Differences in the extent of isolation and presence of natural corridors between these two areas suggests that greater effects of genetic drift on the increasingly fragmented GTN subpopulation-particularly at the peripheries-may have precipitated a more rapid rate of loss of genetic diversity compared to tigers in the MR. Whilst GTN covers a larger area, the region is becoming increasingly fragmented due to forest loss and conversion of surrounding land to monoculture plantations (Taher et al. 2017; Clements et al. 2021), though it may retain a higher level of intactness than the MR and still enable some dispersal. The MR has also suffered fragmentation, but its highland areas continue to provide a corridor of connected habitat from north to south of the central forest spine. Areas in the MR may also remain forested due to the presence of indigenous Orang Asli villages (Sze et al. 2022). The higher observed levels of genetic diversity in the MR compared to the GTN region might also be explained by greater movement of tigers in mountainous areas north to south of the central spine, or the possibility that genetic diversity in the MR has been enhanced via movement of Malayan tigers between Peninsular Malaysia and southern Thailand. This interpretation is supported by the prevalence of mtDNA haplotype H9, which is shared predominantly by Malayan tigers, Indochinese (Thailand and Cambodia), and Sumatran subspecies. However, given the population size in southern Thailand is thought to be small (Suttidate et al. 2021) this scenario is unlikely and further research is needed to validate this hypothesis.
Mitochondrial haplotype analysis inferred a difference in genetic diversity of tigers between GTN and the MR, with four haplotypes corresponding geographically with the two putative subpopulations: H3 and H5 with tigers in GTN, and H4 and H8 with tigers in the MR (Fig. 3). However, these patterns do not completely align with patterns observed for nuclear genetic diversity. Although unique haplotypes were identified in each subpopulation, haplotype diversity was similar in both regions (i.e. number of haplotypes = 4, Table 1). The identification of four unique haplotypes can be interpreted in two ways: (i) a consequence of initial contemporary divergence as a result of recent habitat fragmentation and population decline, with differences in haplotype frequency emerging as haplotypes become lost, perhaps the most likely scenario given the precipitous population decline, or (ii) a consequence of female tiger dispersal behaviour. Female tigers are known to be philopatric and remain close to the maternal home range (Sharma et al. 2011), so haplotype assignment could be the result of maternal clustering due to philopatry. As haplotypes were derived from mtDNA, which is derived from a maternal lineage, this may reflect the patterns of diversity and presence of unique haplotypes. Two additional mtDNA haplotypes unique to Malayan tigers (H16 and H17) were identified from sequences from a previously unpublished analysis (J. Ryan unpubl. data). However, a lack of information on the origin of most of the tigers in the unpublished study limit detailed interpretation. The Malayan tiger subspecies exhibits greater haplotype diversity in comparison to the two other subspecies in Southeast Asia (Indochinese and Sumatran), possibly due to haplotype diversity in Sumatran tigers being constrained due to their geographic range, and loss of haplotypes in Indochinese tigers due to early population collapse (Luo et al. 2004; Ash et al. 2021).

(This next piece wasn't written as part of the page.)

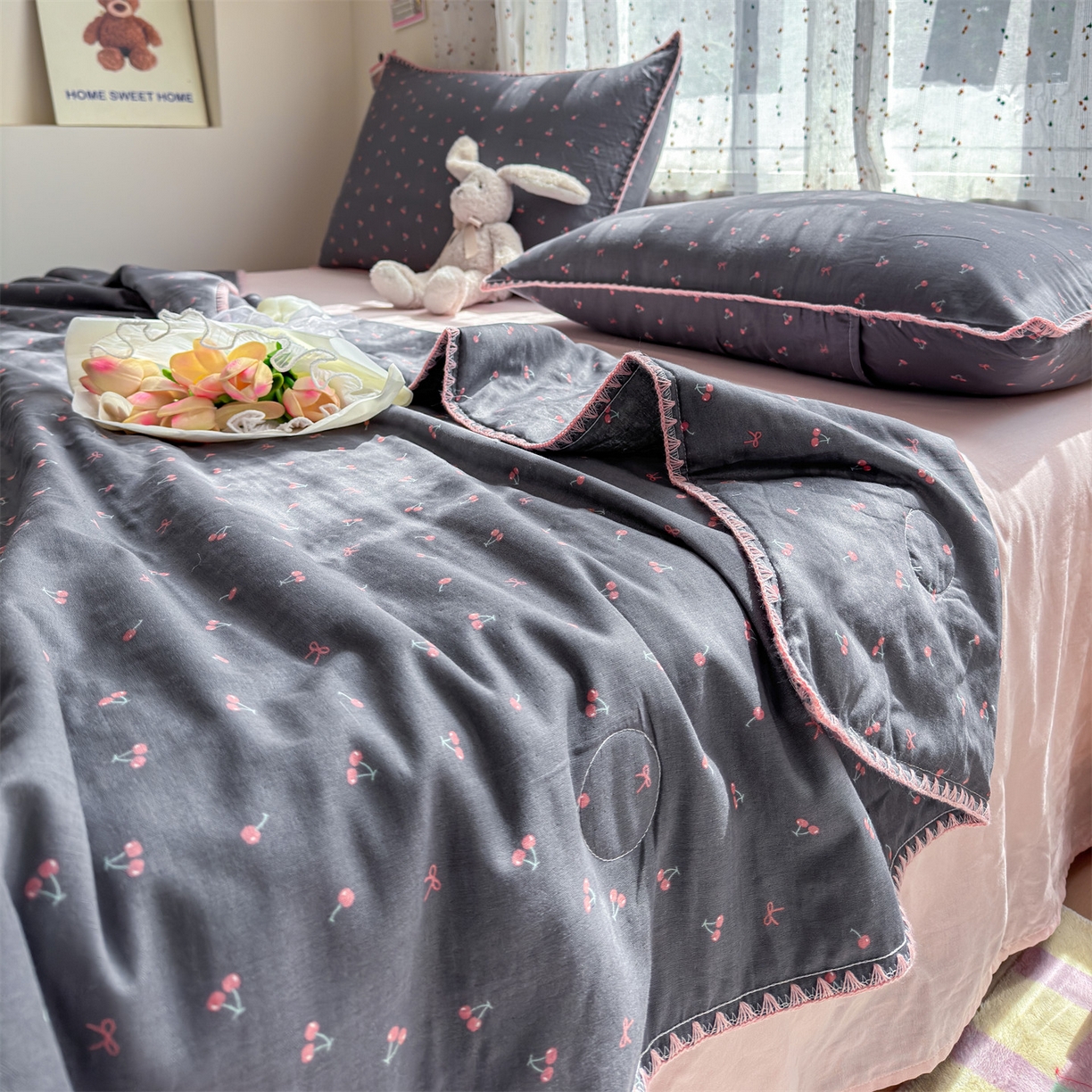 91家纺网 家纺一手货源 找家纺 被窝家纺 2026春夏新款贝壳边全棉双层纱大豆夏凉被空调被夏被四件套 樱桃甜心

Evidence of genetic impoverishment in the Malayan tiger
The proportional difference in mean Ho and He within Malayan tigers is relatively large (58%), such that the levels of heterozygosity expected in the contemporary population were not subsequently observed—a signal consistent with an inbred population.
Whilst there may be minor differences in marker sets between studies (Aziz et al. 2017; Luo et al. 2004; Thapa et al. 2018) which deserves a degree of caution when comparing marker sets, to the best of our knowledge they are comparable. Comparisons of nuclear genetic diversity between tiger subspecies suggested overall heterozygosity may be lower in Malayan tigers when compared with Sumatran and Amur tigers, but not Indochinese tigers, which have also suffered the effects of habitat fragmentation, population decline and isolation. Indeed, 95% CIs suggest substantially lower Ho in Malayan tigers compared to Amur, Sumatran and Indochinese subspecies, and low He and allelic richness in Malayan tigers compared to Bengal tigers (Bangladesh and India) and Indochinese tigers (Thailand and Cambodia). Higher values for some of the other subspecies may reflect the larger sized populations of tiger (for example, in India n = ~ 3000; (Jhala et al. 2021). Equally, lower values in Sumatran tigers (Smith et al. 2018), Bengal tigers in the Terai Arc, Nepal (Thapa et al. 2018), and Amur tigers in the Russian Far East (Luo et al. 2004) may reflect similar recent effects of extreme population decline and isolation due to habitat fragmentation and poaching. It should also be considered that differences in genotyping or sample quality between studies could account for the recovery or observation of more alleles in other populations, and the limitations of this study in terms of sample size and scale also mean our findings should be treated with caution.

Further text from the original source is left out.